A disputa dentro do Partido Comunista

O presidente Xi Jinping lidera um grupo dentro do Partido Comunista que representa interesses e possui suas raízes nas cidades litorâneas. Esse grupo de Xi é conhecido como “coalizão elitista” (jingying tongmeng), ou também como Grupo Shaanxi. Ela surgiu na época do presidente Jiang Zemin e tem como uma de suas características a origem de seus membros – filhos, sobrinhos de membros ilustres do passado do partido –, e o foco no desenvolvimento econômico.

Seus rivais dentro da estrutura do partido formam o grupo conhecido como “coalizão populista” (mincui tongmeng), liderados pelo ex-presidente Hu Jintao e o atual premiê Li Keqiang. Também chamado de Tuanpai, a coalizão tem sua origem em membros mais humildes e de fora da elite histórica do partido.
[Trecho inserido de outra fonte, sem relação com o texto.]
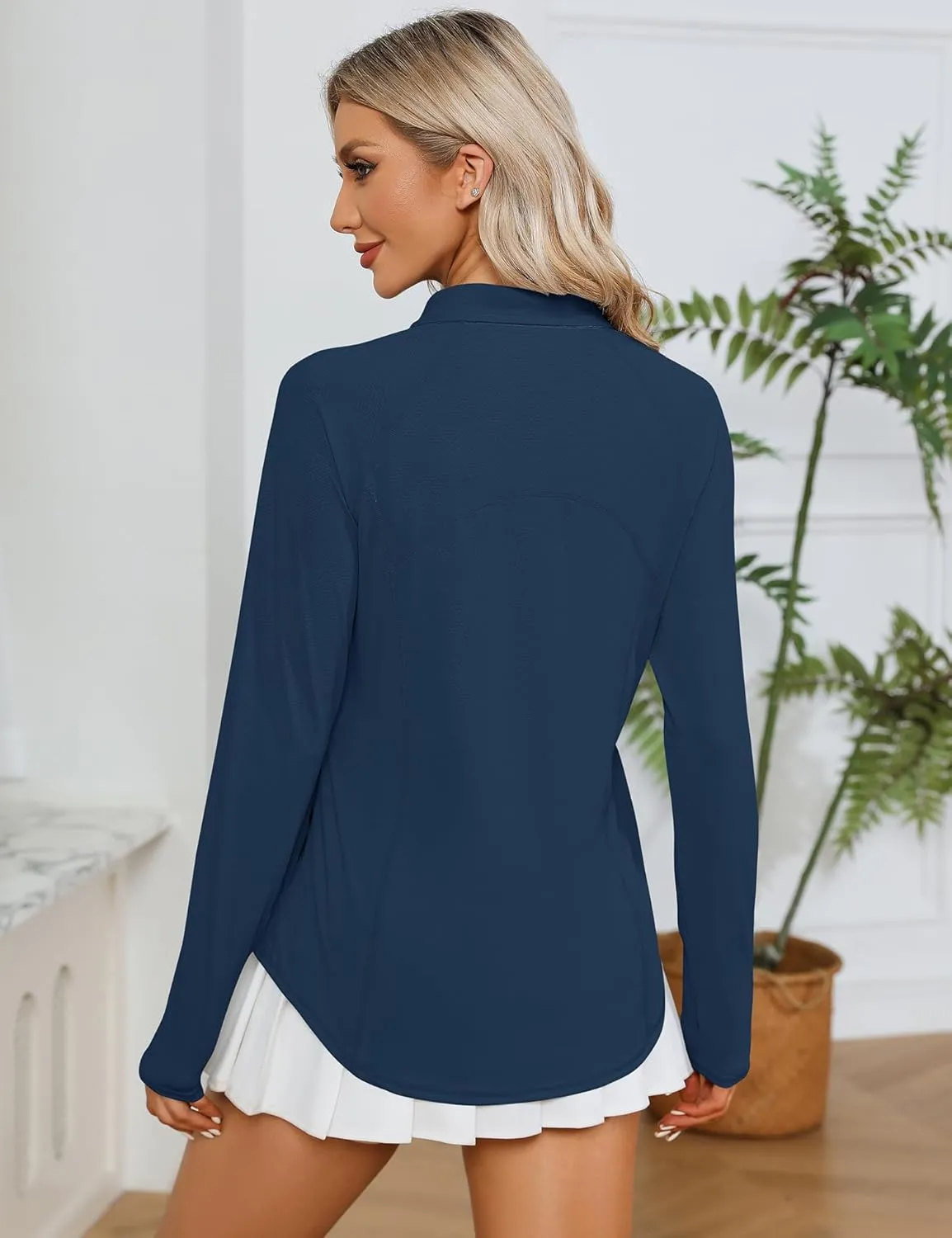 LOMON Women Long Sleeve Shirts Sun Protection 1/4 Zip Summer Quick Dry Hiking Shirts Quarter Zip Pullover for Women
Muitos se tornaram importantes membros a partir de suas atuações nas províncias mais pobres, longe das ricas cidades e províncias do litoral. Apesar de se preocuparem com desenvolvimento econômico, a base de apoio desse grupo é formada essencialmente por fazendeiros e trabalhadores de classes mais baixas dos centros urbanos.

Dentro desse contexto, as negociações com os EUA têm como pano de fundo a disputa dentro do Partido Comunista Chinês. Xi Jinping busca, de forma sutil, diluir a posição de Li Keqiang como negociador. Li participou de algumas negociações comerciais com outros países no âmbito do projeto “Belt and Road”, entretanto não é a figura central na negociação com os EUA. O trio de ferro da formulação estratégica nas negociações com os EUA, que traduz os anseios e objetivos político-econômicos de Xi Jinping, é formado por Liu He, principal negociador e contraparte de Robert Lighthizer, negociador americano; Chen Xi, amigo pessoal de Xi Jinping e chefe do Departamento de Organização do Partido — sua antiga função como Vice-Ministro do Comércio e a confiança que Xi tem nele, faz de Chen um formulador na negociação com os EUA.O terceiro nome é o de Zhong Chan, atual Ministro do Comércio de Xi Jinping, e também um amigo de infância de Xi.

Transferência de tecnologia e outras questões que repercutem na disputa

As demandas dos EUA incluem a eliminação de práticas chinesas de transferência de tecnologia que não estão em conformidade com a Organização Mundial do Comércio; respeito a regras de patentes; fim de atividades consideradas suspeitas de ciberseguranca; retirada de determinadas tarifas na importação de produtos agrícolas americanos.

As questões de transferência de tecnologia e ciberseguranca seguramente são temas que possuem um forte impacto econômico, mas note-se que algumas políticas públicas de curto e médio prazo impactam muito mais. Esse tipo de problema afeta a forma de pensar da chamada “coalizão elitista” liderada por Xi. Já a questão agrícola e as consequências de uma não-solução aceleram o processo de queda da economia chinesa, afetando principalmente as províncias centrais, reduto dos principais membros da “coalizão populista”. Essas províncias estão bastante endividadas pelo excesso de linhas de crédito oferecidas visando um desenvolvimento acelerado que as colocassem em pé de igualdade com as províncias do litoral. No entanto, com o esfriamento da economia e o acúmulo de dívidas, linhas de crédito passaram a ter juros que dificilmente poderiam se manter subsidiados, prejudicando o desenvolvimento dessas regiões.

Politicamente, os conflitos do momento se traduziriam para confrontos internos capazes de rachar a liderança do Partido Comunista. Mesmo que esse racha não seja suficiente para minar o poder quase que absoluto que Xi Jinping conseguiu obter ao longo dos últimos anos, isso criaria um outro problema para Xi: o partido não se mostraria tão facilmente inclinado para seu lado.

A aplicação das novas tarifas anunciadas por Trump no Twitter pegou a todos de surpresa. De fato, coloca a China contra a parede. O grande ponto demandado pelos chineses para conseguir pensar em atender às demandas americanas é que os EUA reconheçam a China como economia de mercado. Caso isso ocorra, as penalidades aplicadas aos chineses por práticas de dumping, por exemplo, seriam mais leves do que as atuais. Nesse ponto, no entanto, tem uma pedra no meio do caminho e ela se chama Robert Lighthizer.